Healthcare Under Fire: HeptaX Campaign Steals and Manipulates Sensitive Data

by do son · October 27, 2024

Infection chain | Image: CRIL

Cyble Research and Intelligence Labs (CRIL) has recently uncovered a covert and sophisticated cyberespionage campaign dubbed “HeptaX,” which exploits Remote Desktop Protocol (RDP) settings to gain unauthorized access to targeted systems. The HeptaX group employs multi-stage attack strategies that allow them to monitor, steal, and manipulate data across various industries, particularly healthcare.

According to CRIL, the HeptaX campaign often begins with a phishing email carrying a malicious .lnk shortcut file concealed within a ZIP archive. Once this file is executed, a PowerShell command initiates, downloading additional payloads from a remote server. “Upon execution, the LNK file triggers a PowerShell command that downloads and executes a series of additional payloads,” notes CRIL. These scripts work together to create a new administrative user account and modify RDP settings, effectively bypassing security measures. With these changes, attackers gain seamless access to the victim’s system.

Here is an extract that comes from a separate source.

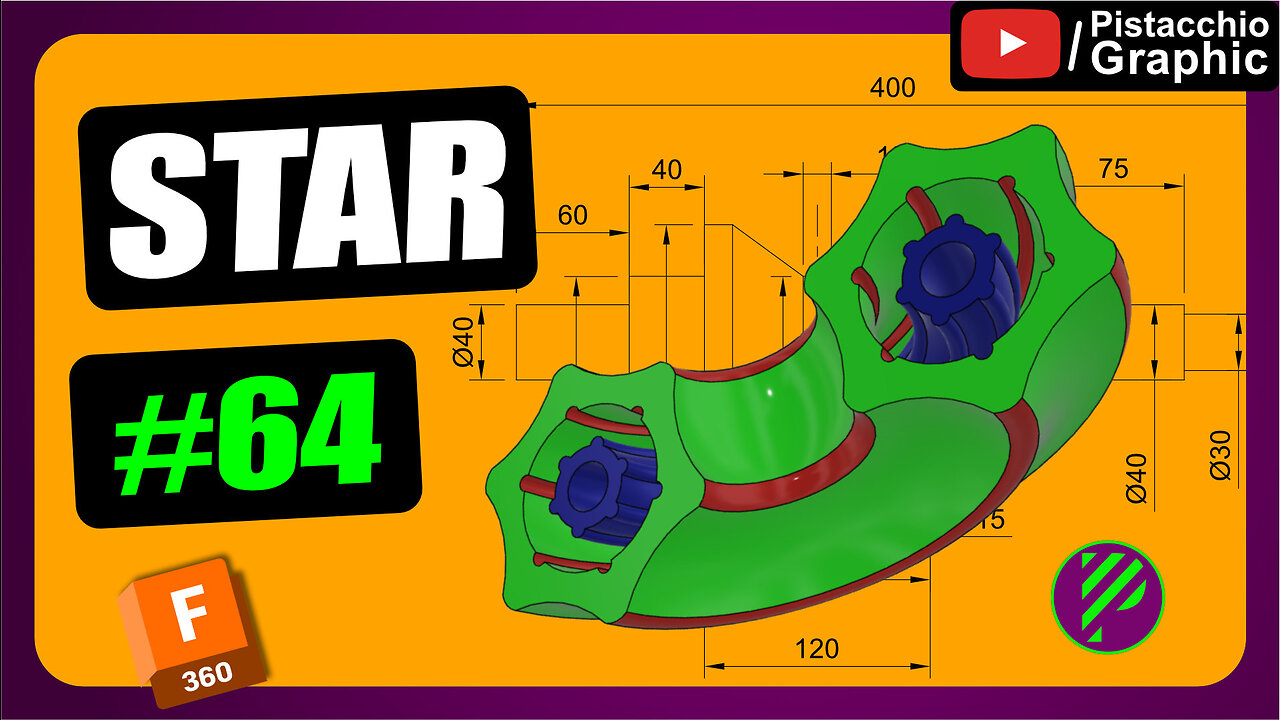 #64 Star | Fusion 360 | Pistacchio Graphic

In later stages of the attack, a PowerShell script creates a hidden user account named “BootUEFI,” granting it both administrative and remote desktop privileges. This account is hidden from the login screen, ensuring the victim remains unaware of the unauthorized user. CRIL describes this process: “The batch file… adjusts Terminal Services (Remote Desktop) settings to facilitate easier remote connections without stringent authentication requirements.”

This persistent setup allows the threat actors to continually access the infected machine, enabling them to monitor system activity, exfiltrate sensitive information, and install further malware without raising alarms.

Among the arsenal of tools, CRIL discovered an unwanted application called ChromePass in the attacker’s infrastructure. ChromePass specifically targets saved passwords from Chromium-based browsers, exposing a new layer of risk. By harvesting browser-stored credentials, HeptaX can easily infiltrate other systems and networks the victim may access, multiplying the potential impact of their espionage activities.

The HeptaX campaign’s reliance on basic yet effective scripts, particularly PowerShell and Batch files, exemplifies how even simple tools can accomplish complex cyberespionage tasks. CRIL emphasizes the risk, stating, “This combination of tactics highlights the need for enhanced detection and prevention measures to combat these stealthy cyber threats effectively.”